*** Opening of Stored data ***
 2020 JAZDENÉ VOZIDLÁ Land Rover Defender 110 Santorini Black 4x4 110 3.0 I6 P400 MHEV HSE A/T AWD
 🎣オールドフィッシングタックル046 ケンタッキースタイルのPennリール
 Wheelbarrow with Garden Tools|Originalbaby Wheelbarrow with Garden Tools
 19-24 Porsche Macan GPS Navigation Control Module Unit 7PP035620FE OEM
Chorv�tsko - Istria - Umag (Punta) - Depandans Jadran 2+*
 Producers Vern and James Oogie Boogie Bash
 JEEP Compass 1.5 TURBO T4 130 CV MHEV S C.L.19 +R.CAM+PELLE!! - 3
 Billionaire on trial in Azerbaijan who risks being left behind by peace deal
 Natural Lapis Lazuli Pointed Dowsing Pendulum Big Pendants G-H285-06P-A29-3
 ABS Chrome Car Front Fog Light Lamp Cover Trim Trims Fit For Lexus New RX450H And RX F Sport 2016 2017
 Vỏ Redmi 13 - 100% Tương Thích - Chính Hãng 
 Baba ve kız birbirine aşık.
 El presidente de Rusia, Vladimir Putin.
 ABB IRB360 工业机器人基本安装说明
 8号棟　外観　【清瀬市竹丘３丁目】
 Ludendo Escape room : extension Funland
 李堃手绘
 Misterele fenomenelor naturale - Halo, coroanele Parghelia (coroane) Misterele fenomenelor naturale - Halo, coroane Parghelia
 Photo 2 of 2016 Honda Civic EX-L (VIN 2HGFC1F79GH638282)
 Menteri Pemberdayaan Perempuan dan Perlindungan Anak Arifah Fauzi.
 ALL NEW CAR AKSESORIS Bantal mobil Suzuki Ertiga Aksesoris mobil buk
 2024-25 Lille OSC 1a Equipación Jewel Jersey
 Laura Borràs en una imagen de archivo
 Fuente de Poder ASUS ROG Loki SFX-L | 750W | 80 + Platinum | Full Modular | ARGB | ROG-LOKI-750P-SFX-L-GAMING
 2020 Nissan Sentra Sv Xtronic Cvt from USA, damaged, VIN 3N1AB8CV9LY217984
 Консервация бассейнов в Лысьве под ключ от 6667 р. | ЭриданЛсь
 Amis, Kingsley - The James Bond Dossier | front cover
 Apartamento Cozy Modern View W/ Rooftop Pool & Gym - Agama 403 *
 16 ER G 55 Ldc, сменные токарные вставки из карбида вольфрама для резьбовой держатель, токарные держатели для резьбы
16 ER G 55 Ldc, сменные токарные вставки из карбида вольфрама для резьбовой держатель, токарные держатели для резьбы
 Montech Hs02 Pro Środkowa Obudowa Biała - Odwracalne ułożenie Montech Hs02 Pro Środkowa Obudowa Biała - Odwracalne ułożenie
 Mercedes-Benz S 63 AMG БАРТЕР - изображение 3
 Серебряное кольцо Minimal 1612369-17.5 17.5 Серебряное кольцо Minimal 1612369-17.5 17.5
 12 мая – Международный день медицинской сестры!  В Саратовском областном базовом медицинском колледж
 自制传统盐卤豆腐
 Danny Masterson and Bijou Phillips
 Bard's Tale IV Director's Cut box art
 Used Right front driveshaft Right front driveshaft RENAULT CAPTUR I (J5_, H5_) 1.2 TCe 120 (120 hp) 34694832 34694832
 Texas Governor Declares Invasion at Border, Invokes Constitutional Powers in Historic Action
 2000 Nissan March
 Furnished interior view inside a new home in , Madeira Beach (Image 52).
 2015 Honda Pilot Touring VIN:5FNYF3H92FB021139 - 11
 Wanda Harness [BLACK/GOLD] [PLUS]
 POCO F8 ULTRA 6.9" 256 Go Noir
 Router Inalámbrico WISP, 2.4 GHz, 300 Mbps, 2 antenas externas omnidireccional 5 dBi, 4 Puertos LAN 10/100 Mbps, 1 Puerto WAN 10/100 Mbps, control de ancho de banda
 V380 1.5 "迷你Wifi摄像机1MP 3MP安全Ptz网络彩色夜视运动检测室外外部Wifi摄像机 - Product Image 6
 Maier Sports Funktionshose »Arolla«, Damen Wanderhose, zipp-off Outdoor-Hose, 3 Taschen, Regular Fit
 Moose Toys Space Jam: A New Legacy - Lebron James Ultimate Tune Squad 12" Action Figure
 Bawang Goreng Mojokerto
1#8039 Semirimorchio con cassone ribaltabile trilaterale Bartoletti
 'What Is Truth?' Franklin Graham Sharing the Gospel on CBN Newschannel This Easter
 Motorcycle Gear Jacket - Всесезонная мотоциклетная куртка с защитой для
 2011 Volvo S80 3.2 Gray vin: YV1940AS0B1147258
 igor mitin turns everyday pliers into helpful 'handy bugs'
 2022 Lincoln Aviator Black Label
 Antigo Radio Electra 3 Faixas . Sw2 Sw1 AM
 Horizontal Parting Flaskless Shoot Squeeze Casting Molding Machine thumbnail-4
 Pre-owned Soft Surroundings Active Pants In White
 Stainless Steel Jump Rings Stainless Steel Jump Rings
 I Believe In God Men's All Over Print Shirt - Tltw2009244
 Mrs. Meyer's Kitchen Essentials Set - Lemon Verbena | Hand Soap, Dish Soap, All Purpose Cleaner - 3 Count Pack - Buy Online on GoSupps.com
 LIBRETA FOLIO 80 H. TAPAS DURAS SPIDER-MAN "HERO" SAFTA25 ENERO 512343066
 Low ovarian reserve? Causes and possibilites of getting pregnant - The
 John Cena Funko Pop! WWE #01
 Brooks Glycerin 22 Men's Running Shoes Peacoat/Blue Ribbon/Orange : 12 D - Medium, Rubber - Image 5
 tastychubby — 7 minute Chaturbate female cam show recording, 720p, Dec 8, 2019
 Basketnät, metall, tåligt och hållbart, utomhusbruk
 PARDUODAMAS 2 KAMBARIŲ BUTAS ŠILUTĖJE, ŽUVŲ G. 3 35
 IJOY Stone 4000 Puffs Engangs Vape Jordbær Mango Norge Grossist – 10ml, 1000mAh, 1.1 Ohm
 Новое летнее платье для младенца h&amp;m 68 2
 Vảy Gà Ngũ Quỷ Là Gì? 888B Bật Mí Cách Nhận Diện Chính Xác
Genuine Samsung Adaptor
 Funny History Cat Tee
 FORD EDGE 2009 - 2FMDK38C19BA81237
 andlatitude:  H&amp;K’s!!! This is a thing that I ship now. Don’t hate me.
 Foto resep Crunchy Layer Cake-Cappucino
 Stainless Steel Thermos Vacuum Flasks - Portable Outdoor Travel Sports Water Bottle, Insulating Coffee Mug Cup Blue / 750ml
*** Close of Stored data ***
**Exercise aim**
From the material above, set down exactly the lines between the line holding "Bard's Tale IV Director's Cut box art" and the line holding "Новое летнее платье", inclusive. Include nothing else.

**Output for this task**
 Bard's Tale IV Director's Cut box art
 Used Right front driveshaft Right front driveshaft RENAULT CAPTUR I (J5_, H5_) 1.2 TCe 120 (120 hp) 34694832 34694832
 Texas Governor Declares Invasion at Border, Invokes Constitutional Powers in Historic Action
 2000 Nissan March
 Furnished interior view inside a new home in , Madeira Beach (Image 52).
 2015 Honda Pilot Touring VIN:5FNYF3H92FB021139 - 11
 Wanda Harness [BLACK/GOLD] [PLUS]
 POCO F8 ULTRA 6.9" 256 Go Noir
 Router Inalámbrico WISP, 2.4 GHz, 300 Mbps, 2 antenas externas omnidireccional 5 dBi, 4 Puertos LAN 10/100 Mbps, 1 Puerto WAN 10/100 Mbps, control de ancho de banda
 V380 1.5 "迷你Wifi摄像机1MP 3MP安全Ptz网络彩色夜视运动检测室外外部Wifi摄像机 - Product Image 6
 Maier Sports Funktionshose »Arolla«, Damen Wanderhose, zipp-off Outdoor-Hose, 3 Taschen, Regular Fit
 Moose Toys Space Jam: A New Legacy - Lebron James Ultimate Tune Squad 12" Action Figure
 Bawang Goreng Mojokerto
1#8039 Semirimorchio con cassone ribaltabile trilaterale Bartoletti
 'What Is Truth?' Franklin Graham Sharing the Gospel on CBN Newschannel This Easter
 Motorcycle Gear Jacket - Всесезонная мотоциклетная куртка с защитой для
 2011 Volvo S80 3.2 Gray vin: YV1940AS0B1147258
 igor mitin turns everyday pliers into helpful 'handy bugs'
 2022 Lincoln Aviator Black Label
 Antigo Radio Electra 3 Faixas . Sw2 Sw1 AM
 Horizontal Parting Flaskless Shoot Squeeze Casting Molding Machine thumbnail-4
 Pre-owned Soft Surroundings Active Pants In White
 Stainless Steel Jump Rings Stainless Steel Jump Rings
 I Believe In God Men's All Over Print Shirt - Tltw2009244
 Mrs. Meyer's Kitchen Essentials Set - Lemon Verbena | Hand Soap, Dish Soap, All Purpose Cleaner - 3 Count Pack - Buy Online on GoSupps.com
 LIBRETA FOLIO 80 H. TAPAS DURAS SPIDER-MAN "HERO" SAFTA25 ENERO 512343066
 Low ovarian reserve? Causes and possibilites of getting pregnant - The
 John Cena Funko Pop! WWE #01
 Brooks Glycerin 22 Men's Running Shoes Peacoat/Blue Ribbon/Orange : 12 D - Medium, Rubber - Image 5
 tastychubby — 7 minute Chaturbate female cam show recording, 720p, Dec 8, 2019
 Basketnät, metall, tåligt och hållbart, utomhusbruk
 PARDUODAMAS 2 KAMBARIŲ BUTAS ŠILUTĖJE, ŽUVŲ G. 3 35
 IJOY Stone 4000 Puffs Engangs Vape Jordbær Mango Norge Grossist – 10ml, 1000mAh, 1.1 Ohm
 Новое летнее платье для младенца h&amp;m 68 2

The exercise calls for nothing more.